Subsequently, if these regular checks are not performed then the absence of any Life-saving equipment may jeopardise the assistance of a critical life-saving rescue. Regular inspection of sites may have adverse financial and manpower cost impact due to a range of factors including geo-graphical distances and logistics.

Reference is made to GB1 288635 and GB2382201A. GB1288635 describes an invention Lifebelt Alarm' where the removal of a Lifebelt activates an alarm. The alarm is operated when the Lifebelt is removed where it is mounted on a hook for supporting a Lifebelt. This system presents several disadvantages which will be overcome by the Life-saving equipment monitoring system. These include a method of detecting the removal of life-saving equipment without use of a mechanical fixture that may include a hook or pivoting mechanism where its performance may degrade due to corrosion if exposed to moisture, water ingress or sea spray commonly found in the environments where the equipment is likely to be installed. It may be the case that regular inspection is required to ensure that the mechanical parts are free to operate properly and are not impeded or seized. Secondly, although the alarm system described may serve to deter unauthorised person/s from removing the Lifebelt, in the case where it is removed permanently there is no mechanism to inform the person/s responsible for maintaining the equipment that this has occurred and the risk this presents if an emergency rescue prevails. The only solution would be for someone to be physically present at each site which wouldn't be practical.

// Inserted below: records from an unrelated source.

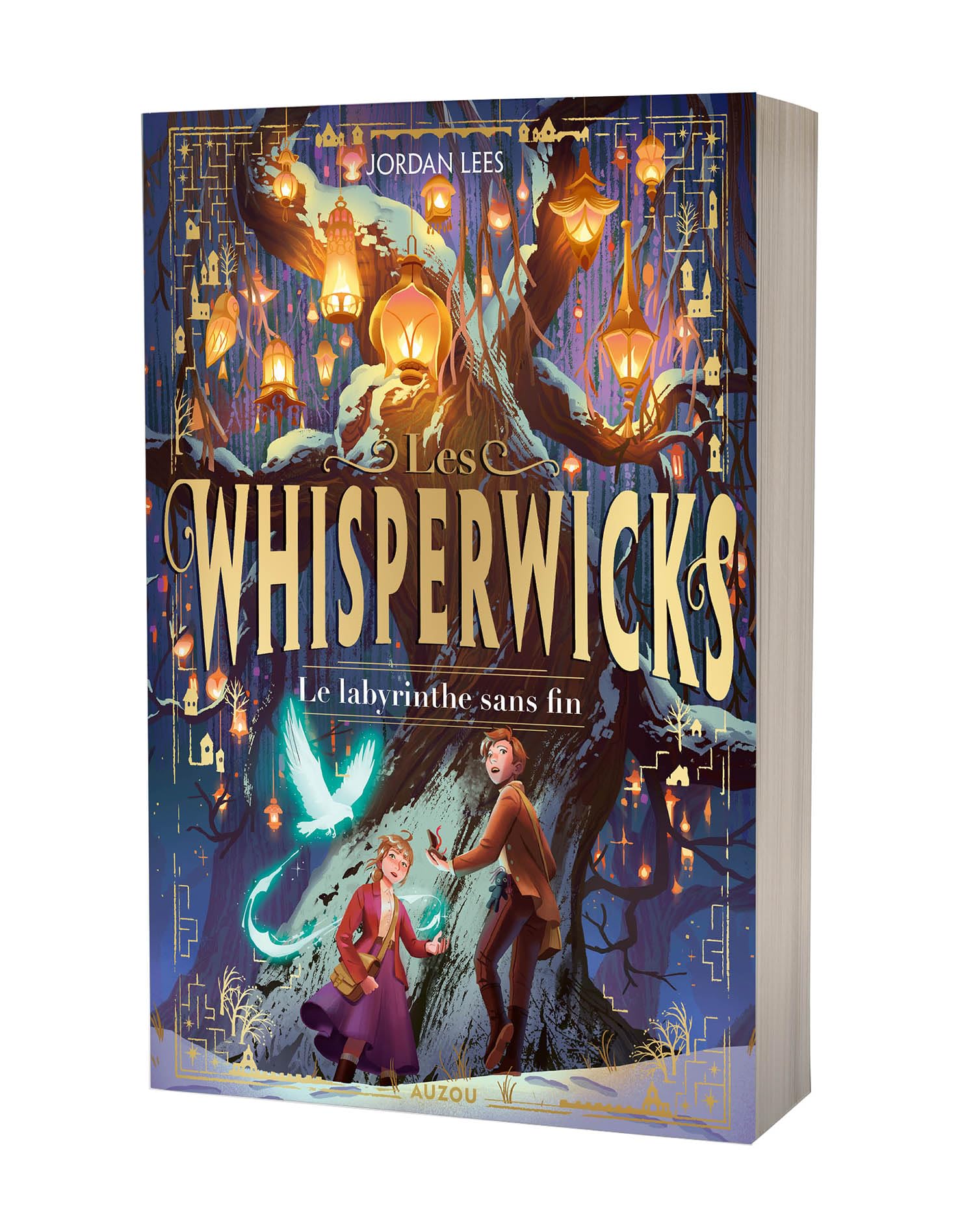 Les whisperwicks - tome 1 - le labyrinthe sans fin (01) 9791039535366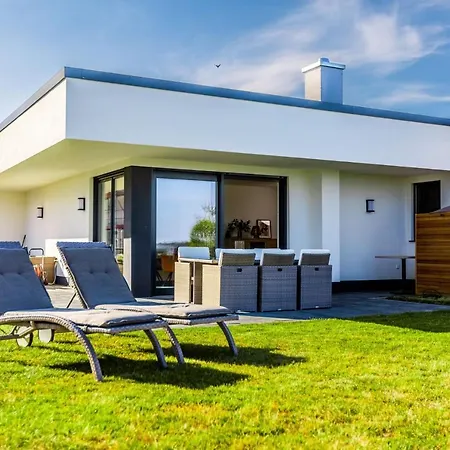 Hangar 19 Luxusbungalow Am Mit Kamin 3 *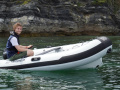 3D Tender Ultimate 300 Opvouwbare rubberboot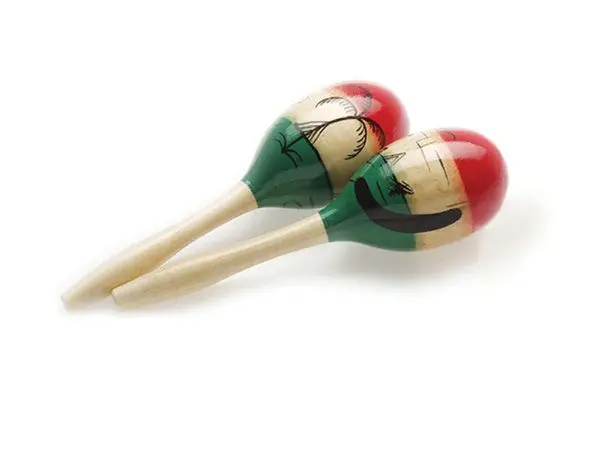 Place Order Stagg MWR26M Pair of Wooden Oval Maracas Mexican Style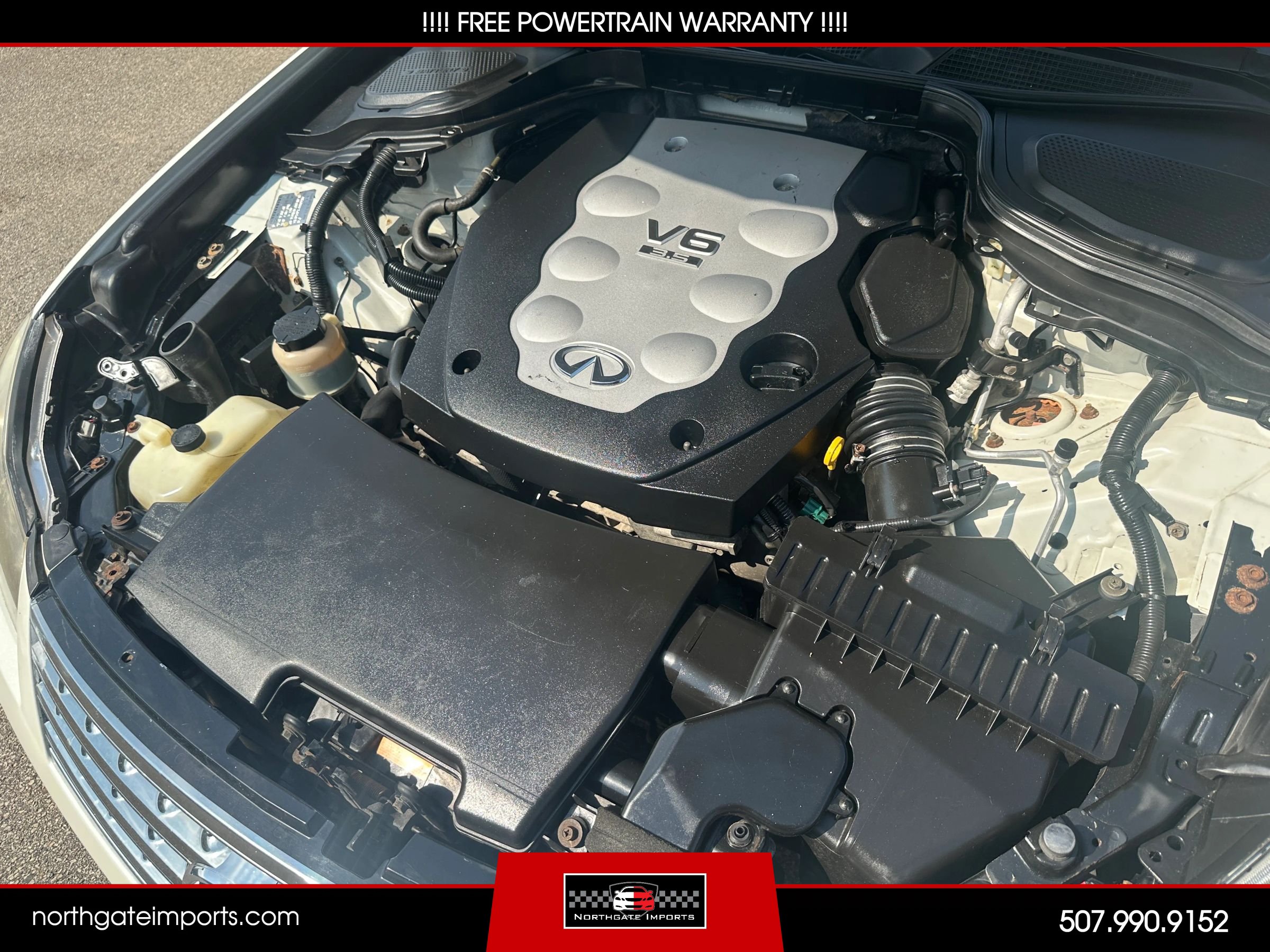 Used 2006 INFINITI M35 x AWD/4WD image 11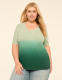 Perfect Sleeve V-Neck Tee - thumbnail 1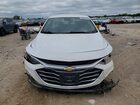 2021 Chevrolet Malibu Lt White vin: 1G1ZD5ST7MF012464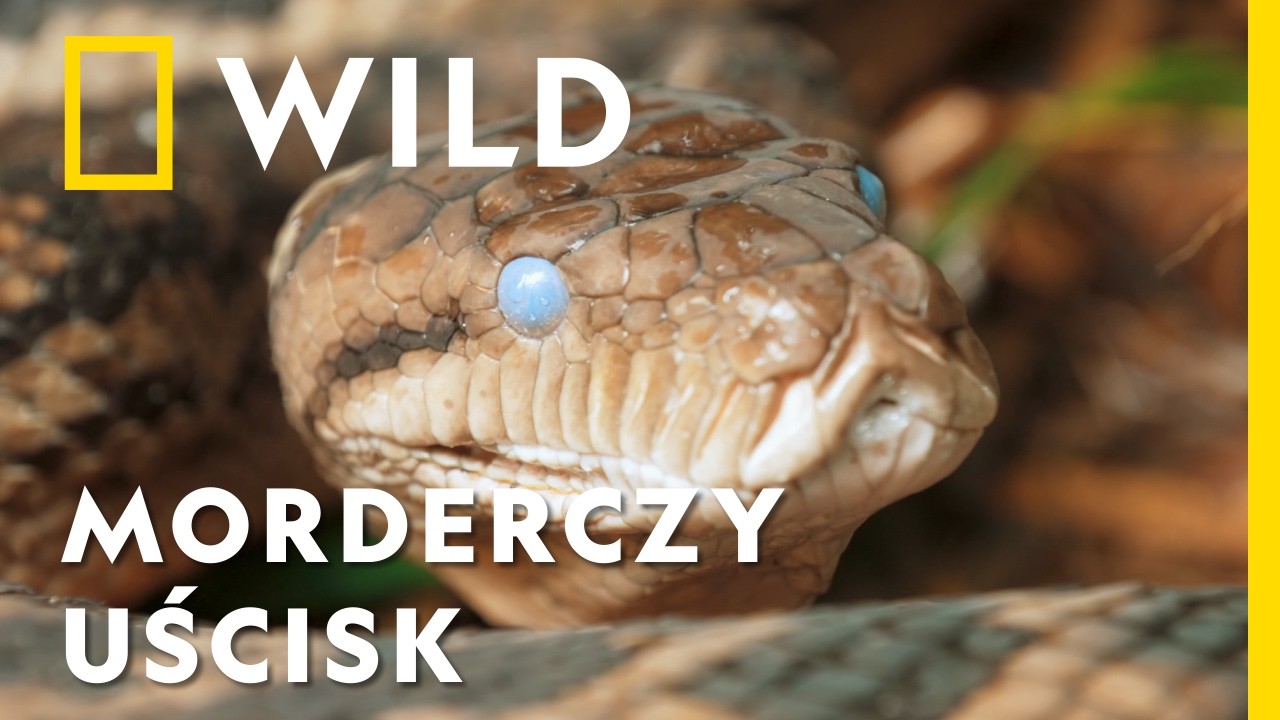 Ten pyton umie połknąć ofiarę cztery razy większą od swojej głowy I Stworzone by przetrwać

GB2382201A describes an invention The Safetycom' that Life-Saving equipment such as a torpedo float is located on hooks coupled to a pivot system. Removal of the equipment from the housing sends an SMS or text message on a OSM mobile telephone. The disadvantages of this system are the use of a mechanical mechanism to activate the alarm.

As with GB1288635 Lifebelt Alarm', operation in outside environment will lead to exposure to moisture, water or sea spray that may degrade the performance of the system. Secondly, the system intends to inform person/s responsible for maintaining the equipment by SMS or text messaging. Text messaging may not be considered the best approach of informing authorised person/s of the removal of the equipment as the message could be left unread or may not reach the intended recipient reliably.

The Life-saving equipment monitoring system overcomes shortcomings of GB1288635 and 0B2382201A by using a non-mechanical, non-contact sensing unit hereby described as a Self-Calibrating Sensor Unit'. This provides a zero maintenance reliable method for detection of the removal of Life-saving equipment from an enclosure, housing or storage box. The system also provides a solution for informing person/s responsible for the maintenance of the equipment at each site by use of data transferred over a mobile network connection (e.g. 3G or better). The system will exchange data in a safe method with a Server computer and will acknowledge the receipt of data back to the monitoring system.

According to one embodiment, the present invention provides a device for monitoring a presence of lifesaving equipment in an enclosure. The device comprises a distance detecting means configured to detect a distance to an object, wherein if the object is detected at a predetermined presence distance the lifesaving equipment is deemed to be present.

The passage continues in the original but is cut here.